=== YOUR TASK ===
Leave out the images; return the rest of the data exactly.

[DATA SUPPLIED Boundary: Start]

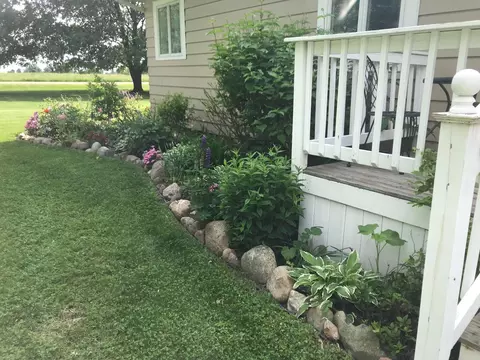 1214 Willows, Ithaca, MI 48847 photo 3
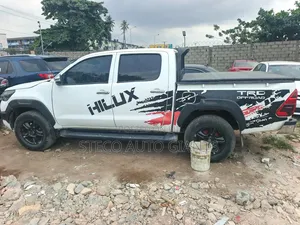 Toyota Hilux 2022 White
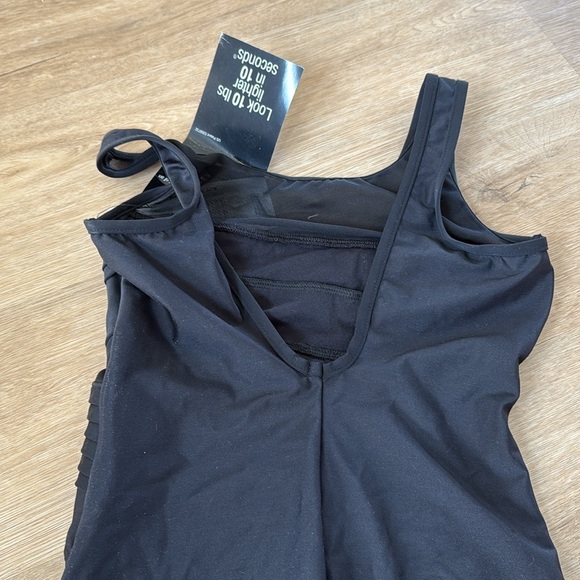 miraclesuit black one piece - Picture 4 of 4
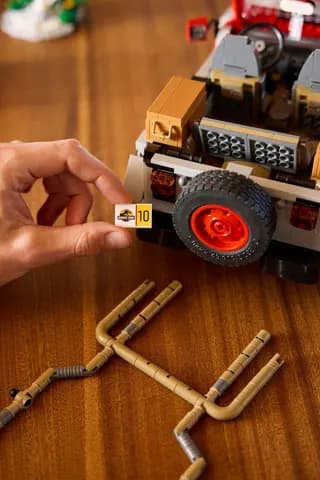 Jurassic Park Jeep Wrangler LEGO-set afbeelding 13
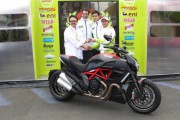Randy De Puniet y su premio de consolación tras el GP MotoGP Le Mans
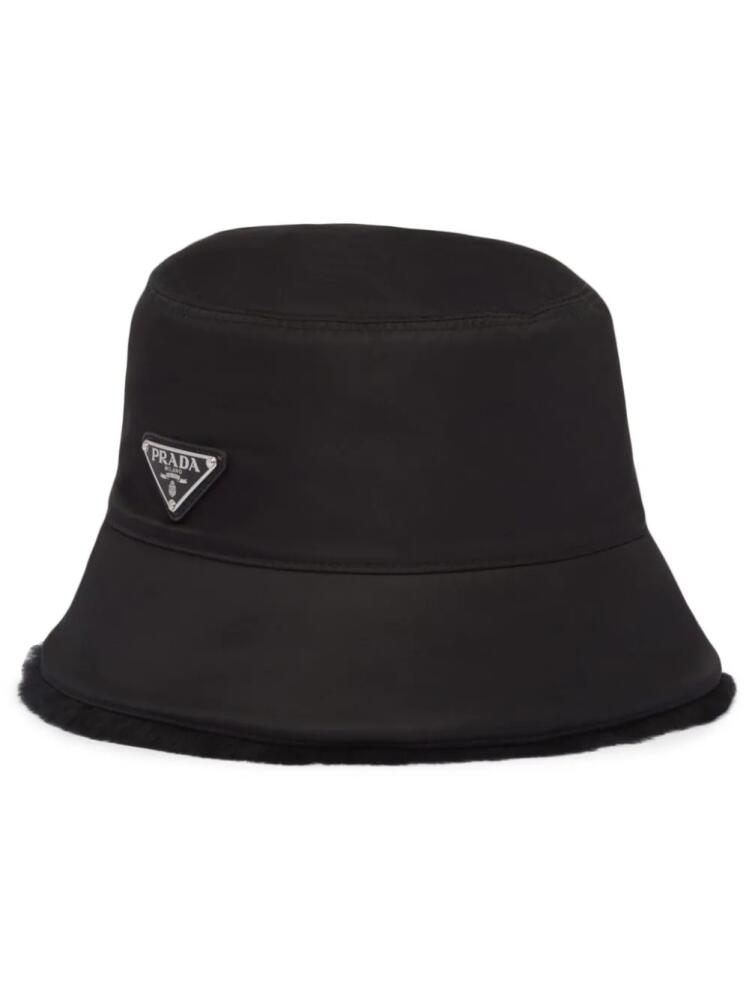 Prada triangle-logo shearling bucket hat - Black Cover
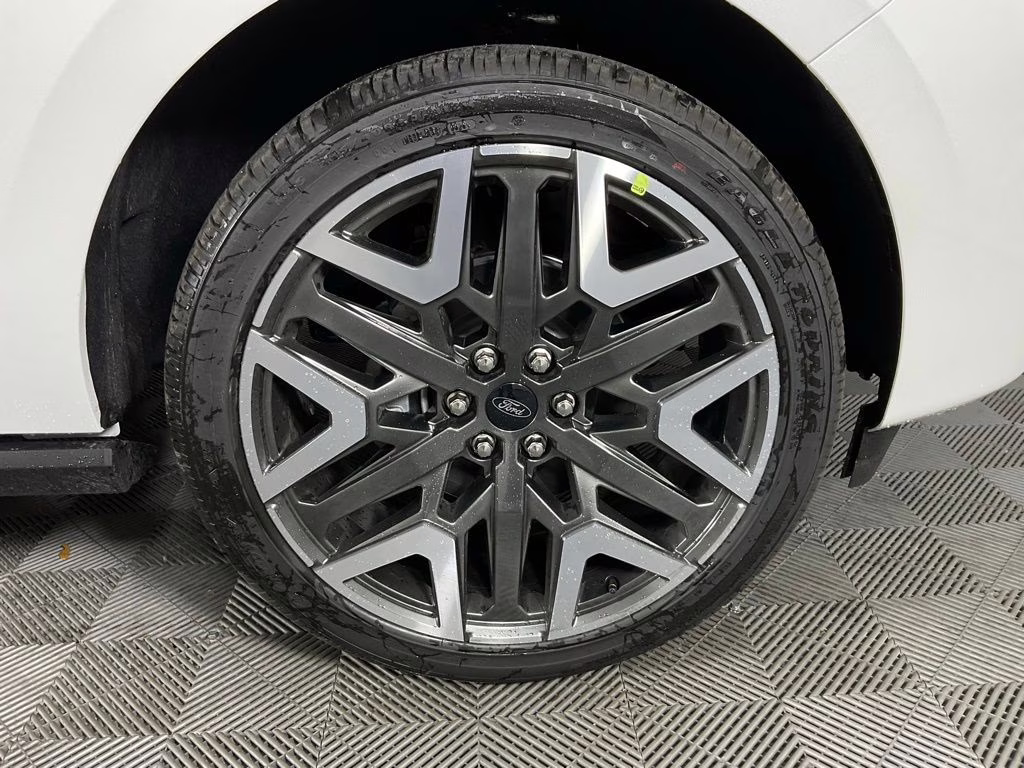 2026 White Ford Expedition Max Platinum 4X4 SUV
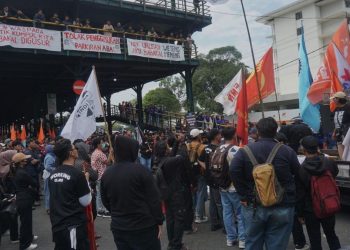Massa Rakyat Demo di Gejayan Serukan 10 Tuntutan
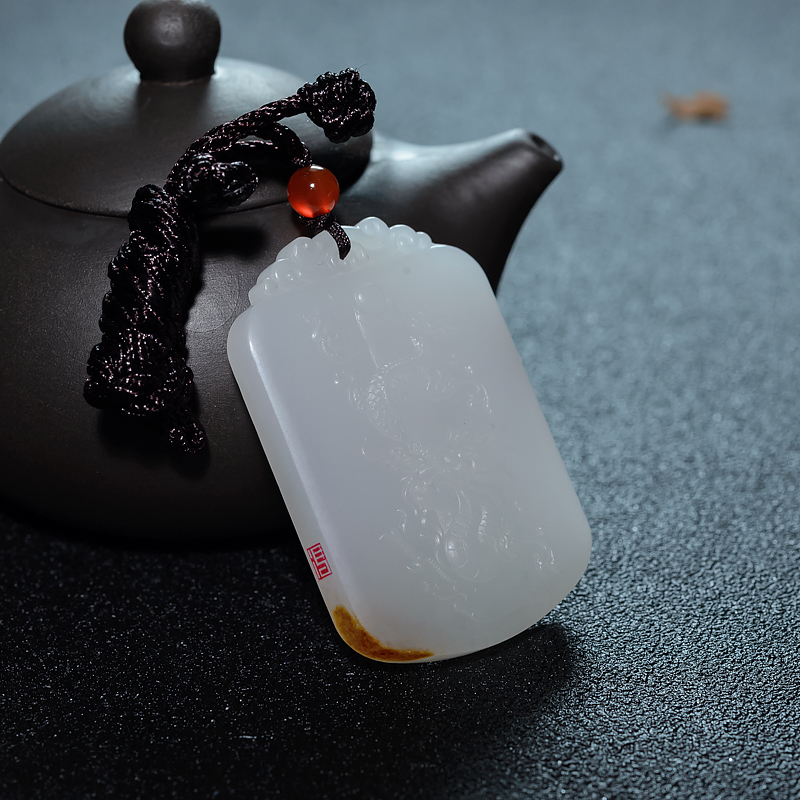 俄料山料和田羊脂白玉龙牌吊坠-红掌柜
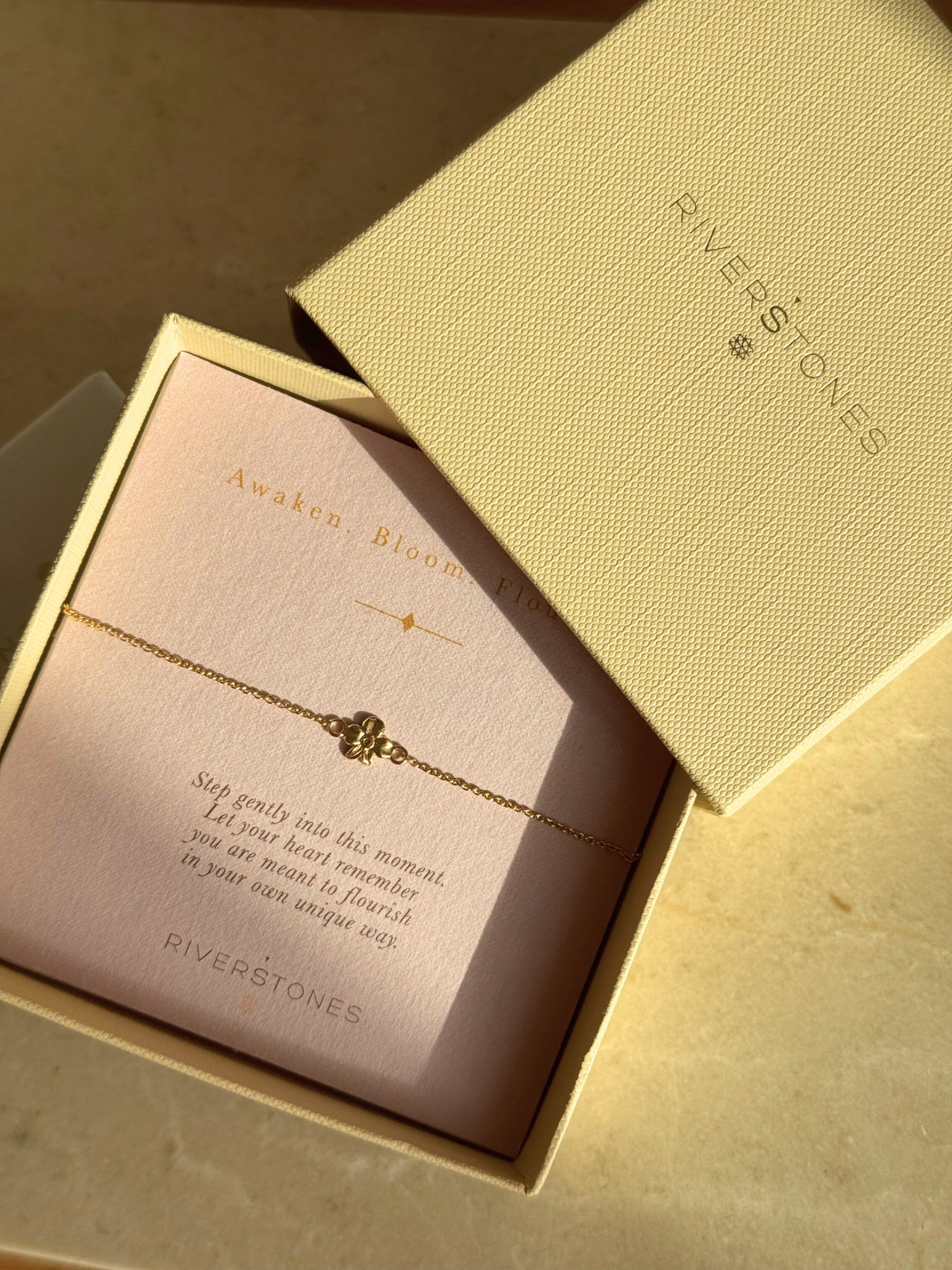 Blütenarmband, vergoldet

[DATA SUPPLIED Boundary: End]

=== OUTPUT OF THE EXERCISE ===
 1214 Willows, Ithaca, MI 48847 photo 3
 Toyota Hilux 2022 White
 miraclesuit black one piece - Picture 4 of 4
 Jurassic Park Jeep Wrangler LEGO-set afbeelding 13
Randy De Puniet y su premio de consolación tras el GP MotoGP Le Mans
 Prada triangle-logo shearling bucket hat - Black Cover
 2026 White Ford Expedition Max Platinum 4X4 SUV
Massa Rakyat Demo di Gejayan Serukan 10 Tuntutan
 俄料山料和田羊脂白玉龙牌吊坠-红掌柜
 Blütenarmband, vergoldet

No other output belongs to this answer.